En lo que respecta a su gestión, la tragedia de Valencia empieza como una crisis de comunicación. Las autoridades no detectan la magnitud del desastre y, por tanto, no lo comunican en tiempo y forma a los ciudadanos, que en su mayoría hacen vida normal el día en el que más se tendrían que haber extremado las medidas de seguridad. Pero la catástrofe del 29 de octubre es mucho más que una crisis de comunicación. Refleja una profunda crisis institucional y de legitimidad política y social, con momentos de tensión inéditos, como los insultos y ataques a los reyes, a Pedro Sánchez y a Carlos Mazón el pasado domingo. Es cierto que el rey Felipe VI y la reina Letizia dieron la cara como representantes de un Estado que llegaba mal y tarde al fatídico lugar de los hechos. Su presencia allí, qué duda cabe, fue una apuesta arriesgada, pero demostraron una entereza y una empatía con los ciudadanos admirables. Sonroja, por otro lado, tener que decir que, por muchas que sean las diferencias con un determinado presidente de Gobierno, aplaudir a los violentos que atacaron a Pedro Sánchez y a su comitiva es algo que solo puede hacerse desde las posiciones políticas más ignominiosas. Como dijo el rey, España es una democracia. Hay líneas que simplemente no se pueden traspasar.

¿En qué piensan los grandes partidos? Su principal responsabilidad es asegurar nuestra convivencia

En cualquier caso, lo que sí parece que es un castigo de Dios (o de la Pachamama, si lo prefieren) es la polarización de alto voltaje a la que nos someten desde hace años nuestros representantes políticos. Día a día, juegan con fuego con esos discursos incendiarios manufacturados en sus war rooms; los inflaman a través de sus huestes digitales en esos parques temáticos de la crispación que son las redes sociales; deterioran sistemáticamente las instituciones que más celosamente deberían proteger, como la prensa y el poder judicial, que son esenciales en cualquier democracia liberal. Y cuando realmente vienen mal dadas, como en Valencia, acusan cara de sorpresa porque las cosas no fluyen bien. Pero antes de la terrible tormenta, hubo un trabajo muy persistente de lluvia fina para dividir a los españoles. De hecho, los muros que los políticos han levantado son tan fuertes que ni siquiera esta maldita DANA los ha podido derribar. El otro día, un amigo a quien considero un tipo sensato y educado me confesaba que ya no trata con gente que tenga otra ideología y otra forma de pensar. Todo ese ruido y esa furia acumulados son el caldo de cultivo idóneo para populistas y abanderados de la antipolítica. Y es así como España se asoma hoy al fantasma del Estado fallido.

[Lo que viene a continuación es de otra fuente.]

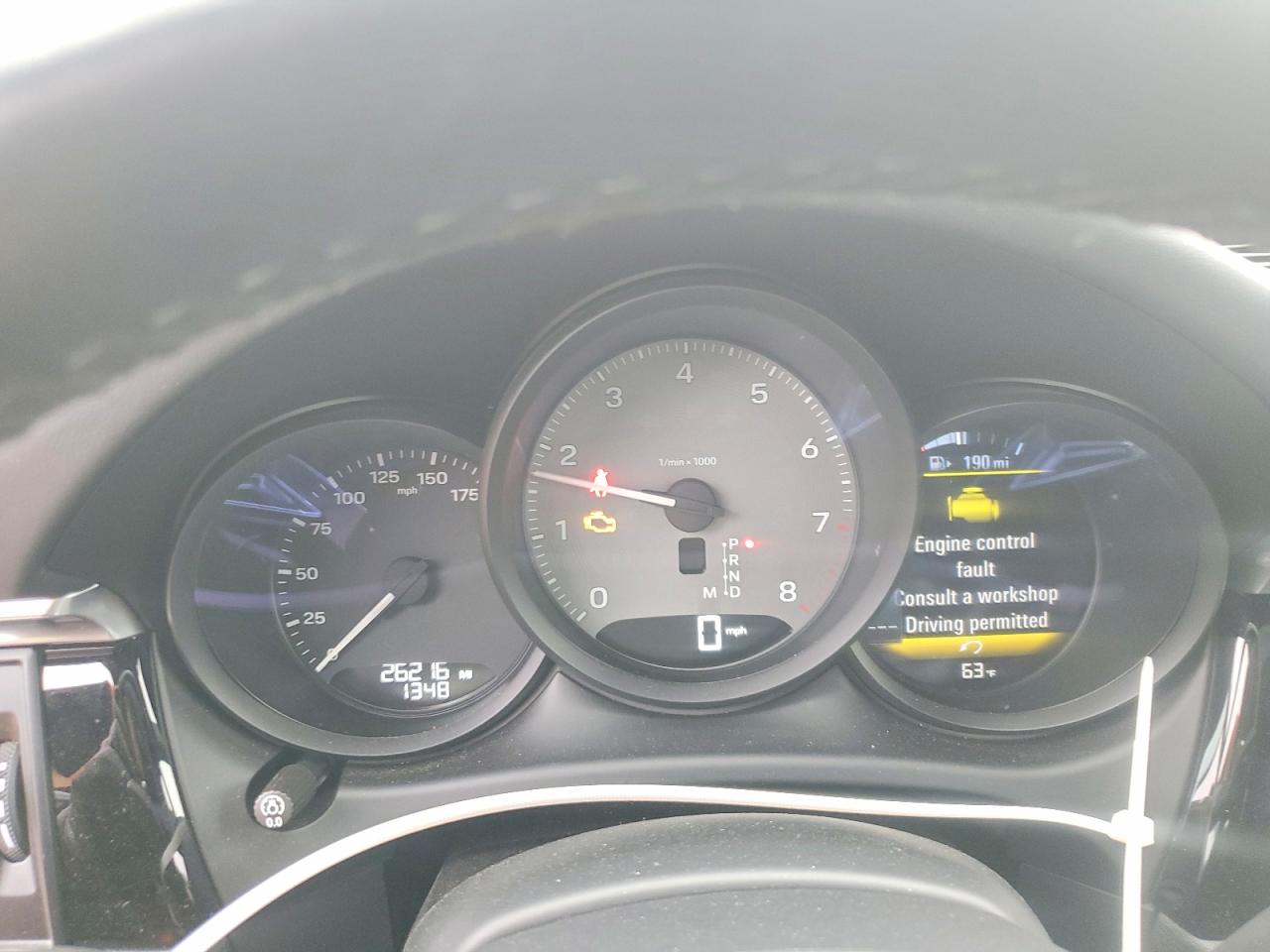Porsche Macan S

Vienen tiempos duros. Toca unir fuerzas para dignificar a las víctimas, acompañarlas en el duelo y en esta larga travesía, devolver a miles de personas sus hogares, reconstruir las calles y que esas ciudades vuelvan a latir. España es un país solidario y no hay duda de que vamos a estar con Valencia hasta el final. ¿Pero qué pasa con nuestros representantes públicos? ¿Y con los grandes partidos que están llamados a asegurar la convivencia y acometer una suerte de nueva transición? ¿Serán capaces de una maldita vez de reformarse ellos mismos y abandonar ese marco político que han importado de los movimientos populistas y que se basa en la constante crispación? ¿Dejarán de erosionar esas instituciones que creamos entre todos y que son absolutamente fundamentales para el futuro de cualquier democracia liberal?

Mientras reconstruimos Valencia, mucho me temo que eso es lo que está por ver.